Pascale les fait cuire à la poêle, mélangées
aux oignons, poivrons, tomates, et ail finement ciselés. |
Le soir, on se régale d'une belle quantité
pour chaque adulte, les enfants gouttent mais n'en raffolent pas (heureusement!),
sauf Romain, Bastien et Léo. Les plus jeunes mangent du poisson
grillé cuit au barbecue par Romain.
28 mai, Las Aves de Barlovento,
Isla Sur, deuxième baie
Pascale et moi, chacun notre tour, retournons voir la bordure de la mangrove
en kayak, pour observer les oiseaux tranquillement, seul et en silence.
On constate que les petits, toujours en duvet, ont maintenant des plumes
de quelques centimètres qui ont poussé en deux jours. Ils
agitent leurs moignons d'ailes en guise d'exercice, mais ne sont visiblement
pas encore prêts à voler, bien que de taille identique à
leurs parents.
La plongée de l'après-midi permet à Patrick de ramener
une langouste record de 3kg et de plus d'un mètre! C'est encore
un dîner sur La Casa, record oblige, les enfants mangent du poisson
et vont au lit, et nous dégustons la langouste en cari, avec des
nouilles chinoises. La soirée se termine par une couinche.
29 mai, Las Aves de Barlovento,
mouillage sur la barrière de corail nord-est
Les couleurs du lagon nous appellent. Nous quittons vers 11h30 notre petite
baie aux oiseaux pour aller mouiller dans le grand bleu au milieu de rien
devant la barrière de corail. Après un bref slalom à
travers les patates, on navigue bientôt sur 20 mètres de
fond vers le nord, à vue. Le regard est tellement fasciné
par le ciel et la mer, qu'on oublie de scruter la surface devant les étraves
et qu'on accroche la bouée d'un casier un casier à langoustes.

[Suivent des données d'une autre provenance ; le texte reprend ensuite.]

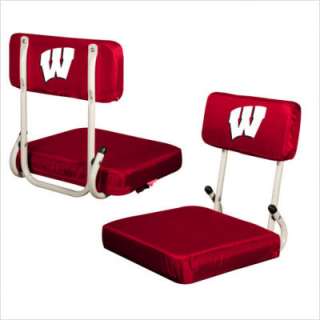 Logo Chairs Collegiate Hardback Stadium Seat  Wisconsin 244 94 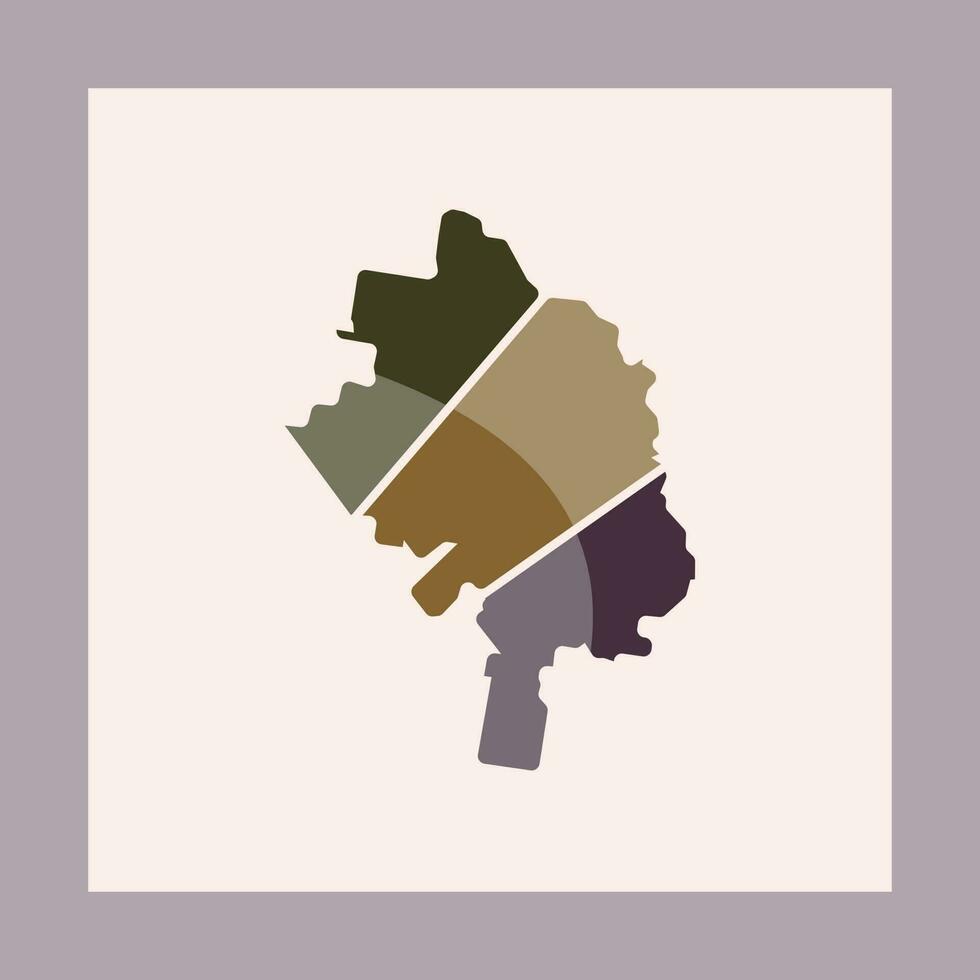 Toowoomba cidade mapa ilustração criativo logotipo vetor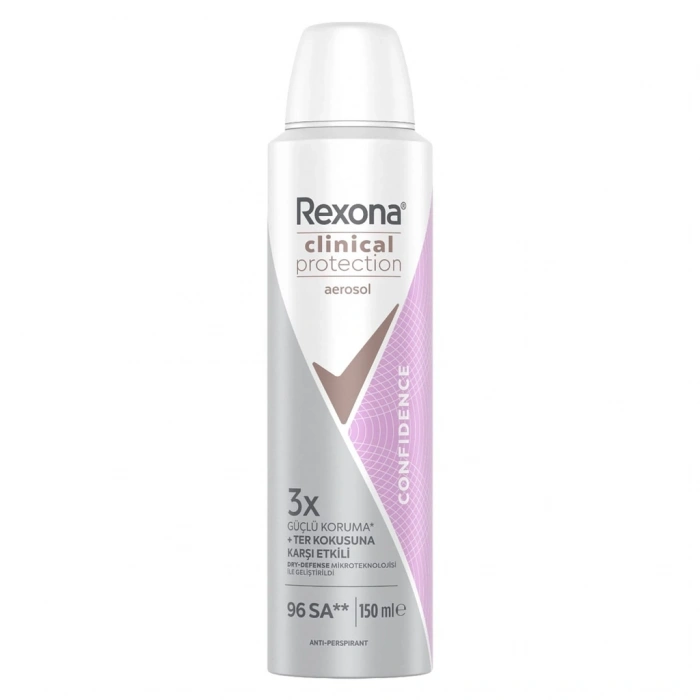 Rexona Clinical Protection Kadın Sprey Deodorant Confidence 150 ml
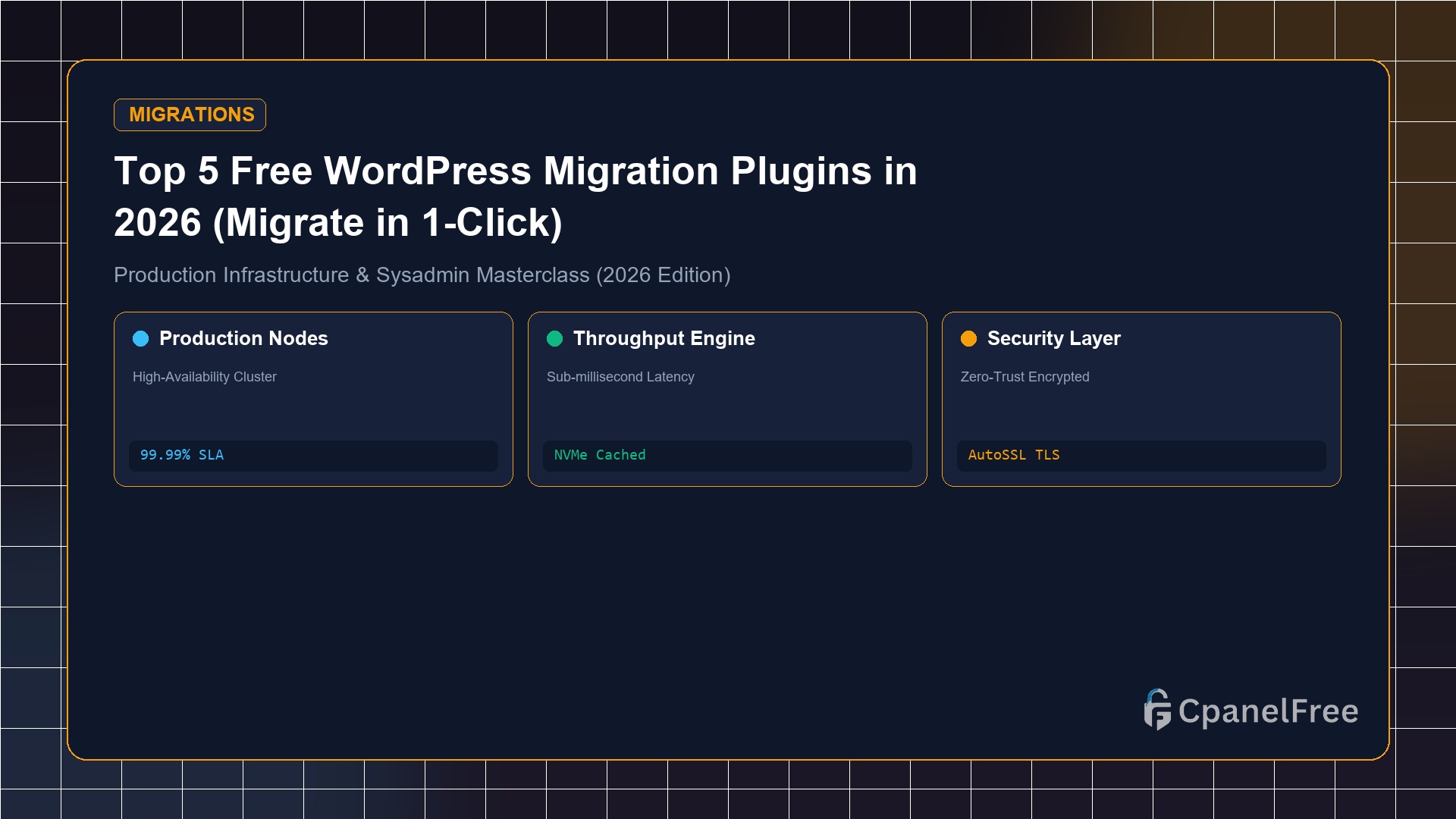 Top 5 Free WordPress Migration Plugins in 2026 (Migrate in 1-Click) - CpanelFree Guide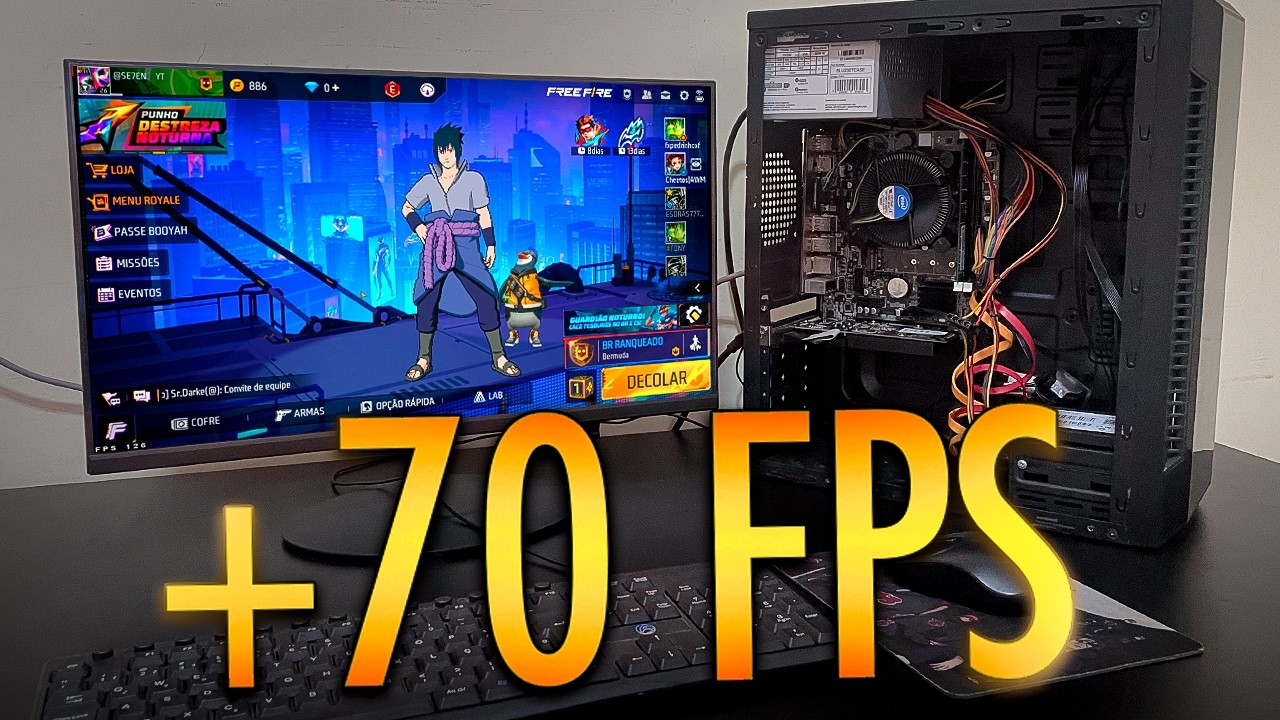 COMO EU RODO FREE FIRE NO MEU I3 3° GERAÇÃO SEM PLACA DE VIDEO | EMULADOR FREE FIRE PC FRACO...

Rien de bien grave, j'ai le temps de mettre les moteurs au point mort
avant que les hélices soient touchées, l'aileron protecteur
qui les précède a bien joué son rôle en accrochant
l'orin. Je le dégage facilement sous l'eau.
On mouille finalement devant un îlot
de sable. Mais on ne reste que le temps de déjeuner car l'ancre
est mal accrochée sur un fond mixte de sable et de corail,
elle ne résisterait pas à un changement de direction
de vent ou à un renforcement. On n'a pas envie de déraper
en pleine nuit dans le secteur, c'est un vrai champ de mines avec
tous ces récifs à fleur d'eau.
On repère un autre endroit un peu plus loin, sorte d'anse
au milieu de l'eau, abritée des vagues par plusieurs petites
barrières de corail affleurantes.
Étrange sensation, la houle qui brise à quelques encablures
devant nous, les quelques îlots que nous avons quitté
ce matin sur notre horizon tribord, et nos deux catamarans, seuls
face au vent et à l'immensité bleue. |
Les couleurs du lagon nous appellent ...
|
Les enfants vont jouer sur La Casa. Patrick part seul
en annexe pêcher, pendant que je pars à la nage sur les récifs
à moins de cent mètres devant nos étraves. J'ai quitté
Imagine depuis à peine deux minutes quand je croise un banc de
carangues, fugaces et agitées. Je vise la plus proche, transperce
ma cible, et ... une deuxième carangue sur la même flèche!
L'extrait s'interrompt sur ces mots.